そのため、プログラム開始直後(初期基底数100)は一連のパラメータ更新を終えるまで時間がかかるのですが、収束してくると基底数が最適な数に向かって減ってくる(行列サイズが小さくなる)ので、更新速度は急激に速くなります。

NMFを実装したことがある人なら、基底数 M というパラメータがパフォーマンスに与える影響の大きさを理解できると思います。決め打ちで試すしかなかった基底数自体を最適化できるこのアルゴリズムは画期的です。

また、スカスカな分布としてはガンマ分布以外にもベータ分布やディリクレ分布などを使ったタイプも提案されているみたいなので、そのうち暇があったら実装してみたいと思います。

 

今日のところは以上です。やってみて感じたのは、ベイズ推定系のアルゴリズムは求められる数学の知識が比較的高度なので*6、そもそも論文を読み解くところからしてキツいということです。

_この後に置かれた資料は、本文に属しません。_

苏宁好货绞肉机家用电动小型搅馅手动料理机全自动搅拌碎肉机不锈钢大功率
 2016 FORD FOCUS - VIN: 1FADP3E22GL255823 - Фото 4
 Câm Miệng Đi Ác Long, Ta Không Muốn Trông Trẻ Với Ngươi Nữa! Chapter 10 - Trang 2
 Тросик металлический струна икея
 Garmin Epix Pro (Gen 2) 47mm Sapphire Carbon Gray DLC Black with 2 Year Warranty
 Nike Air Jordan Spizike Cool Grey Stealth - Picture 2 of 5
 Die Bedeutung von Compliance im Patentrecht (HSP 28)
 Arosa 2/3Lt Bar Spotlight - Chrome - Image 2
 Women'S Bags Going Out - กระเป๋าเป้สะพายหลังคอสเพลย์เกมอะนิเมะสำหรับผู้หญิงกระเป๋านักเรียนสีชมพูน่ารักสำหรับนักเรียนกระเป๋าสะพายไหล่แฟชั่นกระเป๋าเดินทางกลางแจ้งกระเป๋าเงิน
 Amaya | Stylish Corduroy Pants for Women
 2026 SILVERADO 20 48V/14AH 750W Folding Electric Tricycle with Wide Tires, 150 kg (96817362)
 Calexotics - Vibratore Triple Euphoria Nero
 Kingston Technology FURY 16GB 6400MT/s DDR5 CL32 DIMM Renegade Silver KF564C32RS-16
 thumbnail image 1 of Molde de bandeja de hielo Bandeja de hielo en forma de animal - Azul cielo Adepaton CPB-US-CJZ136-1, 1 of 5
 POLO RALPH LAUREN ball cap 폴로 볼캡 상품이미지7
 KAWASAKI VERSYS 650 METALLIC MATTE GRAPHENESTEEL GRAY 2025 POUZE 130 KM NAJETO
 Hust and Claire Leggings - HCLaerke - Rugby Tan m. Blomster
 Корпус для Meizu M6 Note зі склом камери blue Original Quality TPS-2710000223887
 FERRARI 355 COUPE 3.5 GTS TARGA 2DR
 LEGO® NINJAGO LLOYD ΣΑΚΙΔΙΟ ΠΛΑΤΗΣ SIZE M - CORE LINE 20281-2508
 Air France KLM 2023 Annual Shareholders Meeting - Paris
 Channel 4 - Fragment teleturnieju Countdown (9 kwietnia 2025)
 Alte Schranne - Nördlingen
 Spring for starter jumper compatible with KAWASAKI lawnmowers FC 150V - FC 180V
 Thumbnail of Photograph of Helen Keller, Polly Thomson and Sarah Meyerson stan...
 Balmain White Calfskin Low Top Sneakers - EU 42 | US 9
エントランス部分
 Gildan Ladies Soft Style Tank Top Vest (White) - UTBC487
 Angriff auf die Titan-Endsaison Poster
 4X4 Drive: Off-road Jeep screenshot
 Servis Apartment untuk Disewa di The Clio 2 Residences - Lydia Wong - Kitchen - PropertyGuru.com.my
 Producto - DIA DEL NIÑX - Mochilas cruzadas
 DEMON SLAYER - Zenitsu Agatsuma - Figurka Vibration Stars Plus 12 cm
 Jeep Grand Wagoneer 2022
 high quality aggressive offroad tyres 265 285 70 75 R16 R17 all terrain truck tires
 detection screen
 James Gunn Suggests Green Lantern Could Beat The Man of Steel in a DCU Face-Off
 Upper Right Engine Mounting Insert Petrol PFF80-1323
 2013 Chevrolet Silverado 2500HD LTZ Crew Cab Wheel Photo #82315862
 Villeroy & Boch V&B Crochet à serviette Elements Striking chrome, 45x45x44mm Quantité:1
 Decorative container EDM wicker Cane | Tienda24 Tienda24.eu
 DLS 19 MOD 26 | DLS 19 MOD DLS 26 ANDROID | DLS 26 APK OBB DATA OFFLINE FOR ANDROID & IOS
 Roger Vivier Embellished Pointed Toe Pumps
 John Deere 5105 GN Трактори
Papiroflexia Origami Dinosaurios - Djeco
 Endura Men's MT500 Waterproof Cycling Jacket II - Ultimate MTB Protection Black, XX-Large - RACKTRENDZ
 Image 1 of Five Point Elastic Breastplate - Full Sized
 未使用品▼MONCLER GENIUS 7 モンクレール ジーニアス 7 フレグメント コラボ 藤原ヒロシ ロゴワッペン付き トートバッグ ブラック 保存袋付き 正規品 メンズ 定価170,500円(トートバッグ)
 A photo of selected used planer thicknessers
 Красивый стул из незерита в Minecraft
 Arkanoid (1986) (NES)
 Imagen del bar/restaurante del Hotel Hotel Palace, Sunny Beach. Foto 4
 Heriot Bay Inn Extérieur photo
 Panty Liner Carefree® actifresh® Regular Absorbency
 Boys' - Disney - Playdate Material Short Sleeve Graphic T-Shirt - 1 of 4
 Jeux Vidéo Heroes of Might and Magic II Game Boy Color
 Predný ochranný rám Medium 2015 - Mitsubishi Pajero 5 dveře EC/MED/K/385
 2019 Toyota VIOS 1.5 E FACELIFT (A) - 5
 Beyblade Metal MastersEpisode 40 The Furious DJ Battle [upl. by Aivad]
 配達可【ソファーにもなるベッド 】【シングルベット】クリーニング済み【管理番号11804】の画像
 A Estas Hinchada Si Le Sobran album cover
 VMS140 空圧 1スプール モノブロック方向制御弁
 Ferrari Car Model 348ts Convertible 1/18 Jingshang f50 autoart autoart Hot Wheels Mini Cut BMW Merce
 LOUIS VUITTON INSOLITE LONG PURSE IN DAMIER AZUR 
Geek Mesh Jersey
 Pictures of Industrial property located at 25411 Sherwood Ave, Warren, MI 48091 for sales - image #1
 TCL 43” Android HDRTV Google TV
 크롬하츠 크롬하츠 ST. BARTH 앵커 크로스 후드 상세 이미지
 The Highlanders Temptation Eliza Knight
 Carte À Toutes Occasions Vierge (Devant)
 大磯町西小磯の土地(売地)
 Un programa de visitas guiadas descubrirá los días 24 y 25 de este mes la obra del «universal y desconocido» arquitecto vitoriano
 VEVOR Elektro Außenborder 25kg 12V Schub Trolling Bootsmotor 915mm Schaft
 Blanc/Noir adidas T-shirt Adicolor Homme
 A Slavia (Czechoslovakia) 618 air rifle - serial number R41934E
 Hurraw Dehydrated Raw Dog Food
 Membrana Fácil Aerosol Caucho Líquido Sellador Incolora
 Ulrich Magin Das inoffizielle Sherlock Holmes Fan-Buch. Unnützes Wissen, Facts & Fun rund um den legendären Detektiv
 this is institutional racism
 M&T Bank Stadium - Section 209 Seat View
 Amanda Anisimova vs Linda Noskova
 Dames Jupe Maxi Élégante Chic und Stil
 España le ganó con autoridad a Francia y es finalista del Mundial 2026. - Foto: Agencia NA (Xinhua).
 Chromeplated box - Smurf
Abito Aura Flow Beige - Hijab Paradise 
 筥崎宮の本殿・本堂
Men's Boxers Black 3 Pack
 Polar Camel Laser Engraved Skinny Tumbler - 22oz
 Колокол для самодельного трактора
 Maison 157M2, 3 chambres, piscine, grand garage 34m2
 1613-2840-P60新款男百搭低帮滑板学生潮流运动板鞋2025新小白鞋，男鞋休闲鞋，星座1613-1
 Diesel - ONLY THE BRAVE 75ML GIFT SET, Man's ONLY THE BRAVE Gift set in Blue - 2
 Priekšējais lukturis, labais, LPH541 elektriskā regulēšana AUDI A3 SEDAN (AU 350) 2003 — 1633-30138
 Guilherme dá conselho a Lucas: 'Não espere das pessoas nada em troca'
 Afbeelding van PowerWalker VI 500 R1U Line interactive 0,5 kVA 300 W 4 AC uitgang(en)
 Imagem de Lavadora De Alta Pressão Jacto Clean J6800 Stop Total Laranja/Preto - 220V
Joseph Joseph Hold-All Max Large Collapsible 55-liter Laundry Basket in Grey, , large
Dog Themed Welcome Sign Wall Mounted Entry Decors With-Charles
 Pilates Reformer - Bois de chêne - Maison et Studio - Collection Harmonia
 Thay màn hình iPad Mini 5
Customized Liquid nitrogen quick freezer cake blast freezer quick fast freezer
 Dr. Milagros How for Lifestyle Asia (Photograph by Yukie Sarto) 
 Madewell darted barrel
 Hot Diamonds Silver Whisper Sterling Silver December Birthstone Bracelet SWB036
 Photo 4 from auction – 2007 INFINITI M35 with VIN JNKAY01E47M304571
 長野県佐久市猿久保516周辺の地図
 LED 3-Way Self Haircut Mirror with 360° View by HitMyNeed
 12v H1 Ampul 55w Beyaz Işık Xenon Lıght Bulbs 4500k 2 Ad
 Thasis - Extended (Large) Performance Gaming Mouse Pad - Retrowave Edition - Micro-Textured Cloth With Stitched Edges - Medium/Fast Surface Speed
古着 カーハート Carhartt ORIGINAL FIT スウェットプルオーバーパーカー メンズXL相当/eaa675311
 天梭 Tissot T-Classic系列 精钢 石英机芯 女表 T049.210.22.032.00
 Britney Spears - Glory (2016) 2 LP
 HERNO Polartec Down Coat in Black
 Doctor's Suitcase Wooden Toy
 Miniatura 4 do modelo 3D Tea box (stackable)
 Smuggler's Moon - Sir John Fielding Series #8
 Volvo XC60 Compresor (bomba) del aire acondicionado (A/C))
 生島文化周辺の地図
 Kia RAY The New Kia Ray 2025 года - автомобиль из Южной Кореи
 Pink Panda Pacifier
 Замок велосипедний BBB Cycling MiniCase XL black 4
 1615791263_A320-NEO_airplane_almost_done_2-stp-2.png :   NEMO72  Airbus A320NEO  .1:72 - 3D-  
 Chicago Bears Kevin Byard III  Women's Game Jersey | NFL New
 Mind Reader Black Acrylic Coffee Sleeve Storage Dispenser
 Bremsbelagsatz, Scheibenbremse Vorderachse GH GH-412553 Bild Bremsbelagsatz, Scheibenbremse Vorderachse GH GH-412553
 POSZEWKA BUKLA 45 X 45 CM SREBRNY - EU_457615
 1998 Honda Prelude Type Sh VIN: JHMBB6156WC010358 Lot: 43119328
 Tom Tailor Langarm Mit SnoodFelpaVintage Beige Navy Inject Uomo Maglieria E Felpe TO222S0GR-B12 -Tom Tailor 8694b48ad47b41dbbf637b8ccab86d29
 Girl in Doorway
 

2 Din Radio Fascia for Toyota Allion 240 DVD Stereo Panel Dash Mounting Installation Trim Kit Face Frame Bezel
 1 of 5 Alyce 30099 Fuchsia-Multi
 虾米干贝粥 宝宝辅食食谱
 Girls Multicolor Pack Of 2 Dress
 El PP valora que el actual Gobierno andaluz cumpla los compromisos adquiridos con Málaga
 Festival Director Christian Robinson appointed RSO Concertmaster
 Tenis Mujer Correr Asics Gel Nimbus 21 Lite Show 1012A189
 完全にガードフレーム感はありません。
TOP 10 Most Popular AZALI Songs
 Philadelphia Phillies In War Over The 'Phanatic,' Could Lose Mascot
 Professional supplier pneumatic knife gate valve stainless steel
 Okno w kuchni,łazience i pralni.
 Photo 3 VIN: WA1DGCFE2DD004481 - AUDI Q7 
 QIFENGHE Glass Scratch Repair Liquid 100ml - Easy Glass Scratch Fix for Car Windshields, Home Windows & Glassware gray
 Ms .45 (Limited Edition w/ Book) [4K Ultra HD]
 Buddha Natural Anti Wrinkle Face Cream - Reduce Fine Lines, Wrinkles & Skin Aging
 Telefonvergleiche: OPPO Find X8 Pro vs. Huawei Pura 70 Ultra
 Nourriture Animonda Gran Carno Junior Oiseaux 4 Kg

ただ、機械学習を1年間やった経験からすると、ディープラーニングに対抗できそうなモデルベースの手法は、ベイズ推定のような確率論的なアプローチくらいなんじゃないでしょうか。今後は(たぶんもうすでに)両者の融合領域が活発になるはずです。

そういう意味では、今回の実装は正直けっこう辛かったですけどやって良かったですし、今後もこの手のアルゴリズムを勉強していきたいなあと思いました。

稚文をお読みいただきありがとうございました。

*1:なお、今のところはこの関数の形を採用することに特段根拠があるわけではなく、「とりあえず解析的に知られている分布を使っていくつか生成モデルを定義してみました」という程度の話です。

*2:他の例としては、ギブスサンプリングに代表されるMCMCマルコフ連鎖モンテカルロ法)などが用いられます。MCMCベイズ変分法と違ってグローバルな最適解を得られることが保証されています。ただ、MCMCは論文を読むとけっこう「うげっ」となる数式が並んでいるので、まだまともに勉強できていません。いつかは取り組まないとダメだと思ってますけど。

*3:共役事前分布(Conjugate prior distribution)と呼ばれる、生成モデルに掛け算しても関数のタイプが変わらないものがよく用いられます。

*4:簡単に言うと、「確率の積分後に対数を取った値は、確率の対数を取ってから積分した値よりも必ず大きい」という内容の不等式です。

*5:カルバック・ライブラー情報量(Kullback–Leibler divergence)と呼ばれることもあります。これは乖離度Dに出てくる一般化KLダイバージェンスとは異なるのでご注意ください。

*6:高度と言っても、基礎を丁寧に押さえればやってることは(たぶん)シンプルです。要は何事も慣れなんでしょうね。